Estuvimos horas sentados en su pórtico. Yo trabajaba en mis notas. De tiempo en tiempo, él me daba un trozo de carne seca; finalmente, la penumbra se adensó demasiado para escribir. Traté de pensar en los acontecimientos del día, pero alguna parte de mí mismo rehusó hacerlo y me quedé dormido.

Sábado, agosto 19, 1961

Ayer en la mañana, don Juan y yo fuimos al pueblo y desayunamos en una fonda. Él me aconsejó no cambiar demasiado drásticamente mis hábitos alimenticios.

– Tu cuerpo no está acostumbrado a la carne de poder -dijo-. Te enfermarías si no comieras tu comida.

Él mismo comió con gran apetito. Cuando hice una broma al respecto, se limitó a decir:

– A mi cuerpo le gusta todo.

A eso del mediodía regresamos a la cañada. Procedimos a darnos a notar al espíritu por medio de "conversación a viva voz" y de un silencio forzado que duró horas.

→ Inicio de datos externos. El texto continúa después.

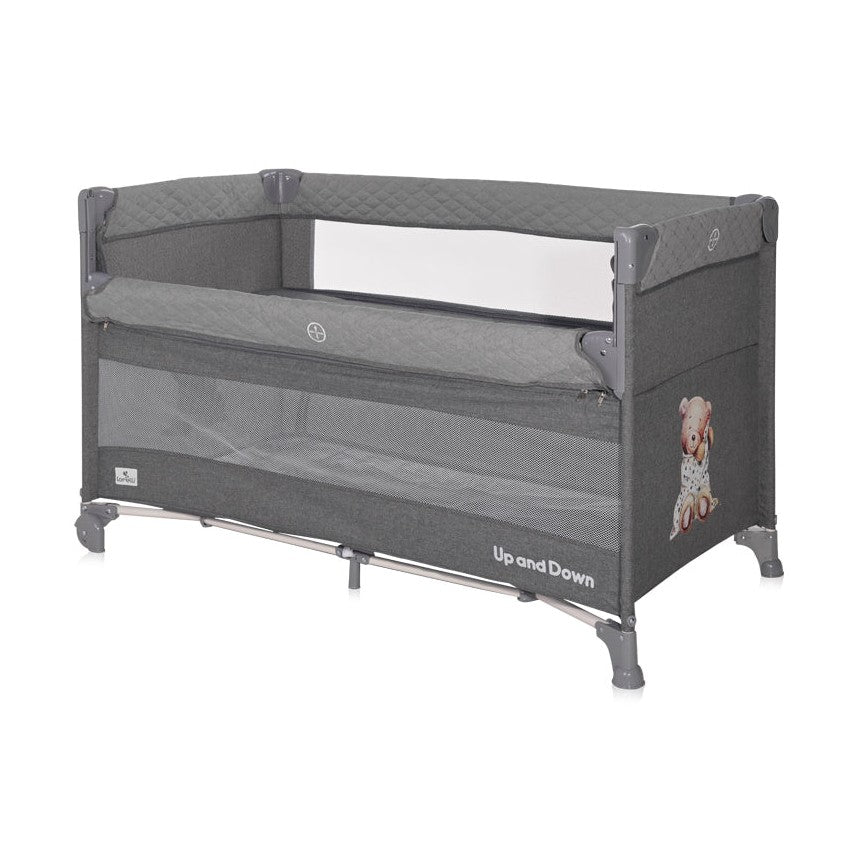 LORELLI Baby Cot UP and DOWN by Lorelli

Cuando dejamos el lugar, en vez de dirigirse a la casa, don Juan echó a andar en dirección de las montañas. Llegamos primero a unas cuestas suaves, y luego trepamos a la cima de unos cerros altos. Allí, eligió un sitio para descansar en el área abierta, sin sombra. Me dijo que debíamos esperar hasta el crepúsculo y que me condujera en la forma más natural posible, lo cual incluía preguntar cuanto quisiera.

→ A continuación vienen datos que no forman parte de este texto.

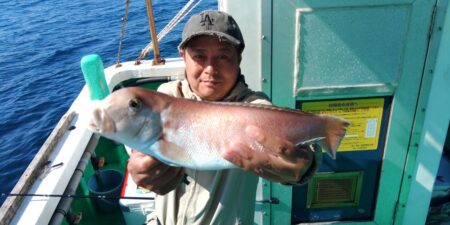 泉州丸　釣果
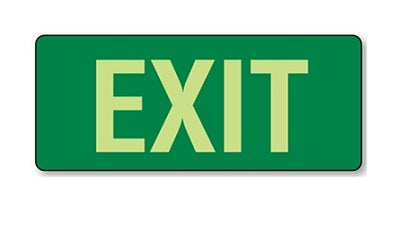 Exit Signs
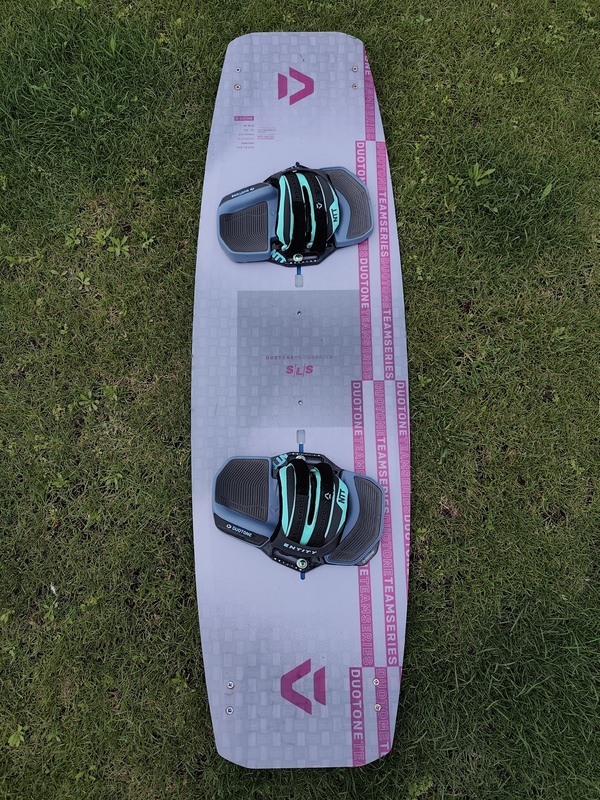 Duotone - Team Series SLS 139x42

– Sé que el espíritu anda por ahí, al acecho -dijo en voz muy baja.

– ¿Dónde?

– Ahí, en los matorrales.

– ¿Qué clase de espíritu es?

Me miró con expresión intrigada y repuso:

– ¿Cuántas clases hay?

Ambos reímos. Yo hacía preguntas por puro nerviosismo.

– Saldrá a la puesta del sol -dijo-. Nomás tenemos que esperar.

Permanecí en silencio. Me había quedado sin preguntas.

– Ahora es cuando hay que seguir hablando -dijo-. La voz humana atrae a los espíritus. Hay uno ahí acechando en estos momentos. Nos estamos poniendo a su alcance, así que sigue hablando.

Experimenté un sentido idiota de vacuidad. No se me ocurría nada que decir. Don Juan rió y me palmeó la espalda.

– Eres todo un caso -dijo-. Cuando tienes que hablar, pierdes la lengua. Anda, dale a las encías.

Hizo un gesto hilarante de entrechocar las encías, abriendo y cerrando la boca a gran velocidad.